The comedian has had her own controversies related to race, apologizing for telling a racist joke about Hispanics in 2015. She said the joke and other offensive humor stemmed from her “dumb white girl” stage persona. In the wake of the backlash, Schumer said she would take responsibility for her words in the future.

Her decision to back out of Super Bowl ads may signal some growth on her part. Her support of Kaepernick and Rihanna’s boycott of the halftime show help to amplify the athlete’s activism more than two years after he first kneeled during the anthem.
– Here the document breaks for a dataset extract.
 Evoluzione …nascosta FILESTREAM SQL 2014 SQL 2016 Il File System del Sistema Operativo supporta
Their protest may also usher in a new wave of celebrity activism, as a wide range of public figures, including Diddy, Kathy Griffin, Anika Noni Rose, and Jameela Jamil, have applauded them.

Stephanie Creary, an assistant professor of management at the University of Pennsylvania’s Wharton School, told Vox that Kaepernick’s message has been largely misrepresented: His critics have framed his activism as an anti-American protest against the flag rather than opposition to police brutality. As a result, influential supporters can help draw attention to his original cause, she said.
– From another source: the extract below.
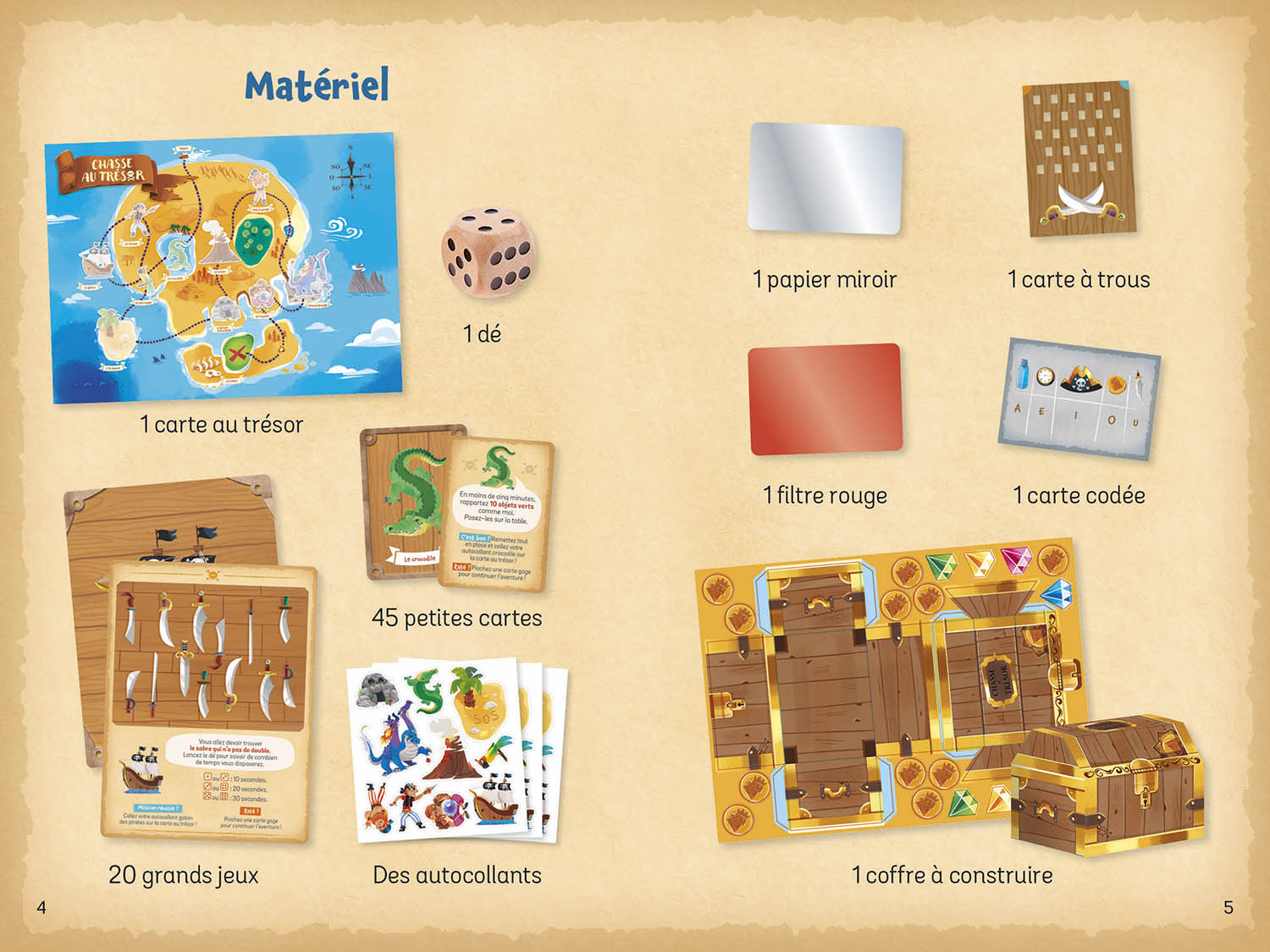 Ma chasse au trésor !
But a celebrity boycott of the Super Bowl will likely not adversely affect the NFL unless sponsors pull their ads. There’s also a possibility sponsors will try to toe the line to appeal to Americans on both sides of the issue, according to Creary.

“I would be interested to see if sponsors, the big money corporations, decide they’re not going to pay millions of dollars of to run ads, or if advertisers are going to do what they did right after the Trump elections,” Creary said. “They ran pro-diversity ads as a counternarrative to Trump.”

Creary said it’s interesting that more celebrities are engaging in political activism and that by doing so, they magnify social causes. She questions if the average American, for example, can articulate why Kaepernick kneeled during the national anthem in the first place. But the recent Nike ad starring Kaepernick and Rihanna and Schumer’s stances on the NFL have kept the quarterback and his politics in the spotlight.

Without these developments, “most people wouldn’t be thinking about ... the movement Kaepernick started,” Creary said.

NFL ratings may support Creary’s argument. Last year, as the debate over Kaepernick gripped the nation, ratings fell. During the 2018-’19 season, however, ratings are on the rise. They have been up across networks for the first seven weeks of the season, according to Michael Mulvihill of Fox Sports. The cause for the spike has been attributed by some to Kaepernick’s protest falling out of news headlines.

Kaepernick’s own fate in the league no longer dominates the news. He hasn’t played in the NFL since January 1, 2017. And he’s filed a lawsuit accusing NFL team owners of colluding to keep him out of the league.

Rihanna’s decision to decline the halftime show and Schumer’s refusal to appear in Super Bowl ads, however, generated international press that reminds the public about both Kaepernick’s status in the league and the reason he protested at all.

Schumer is trying to convince other celebrities to take up Kaepernick’s cause: The comedian urged white athletes to kneel, as Kaepernick did, to call out systemic racism. She also suggested that Maroon 5, the pop group scheduled to perform during the halftime show, should withdraw from the event.

Schumer wrote on Instagram, “I think it would be cool if @maroon5 backed out of Super Bowl like @badgalriri did.” Maroon 5 leader Adam Levine said in 2015 he and the band “very actively want to play the Super Bowl,” so it’s doubtful it will withdraw from the event. But if a critical mass of celebrities use their influence to advocate for Kaepernick, his struggle, and the NFL’s role in it, won’t simply fall away.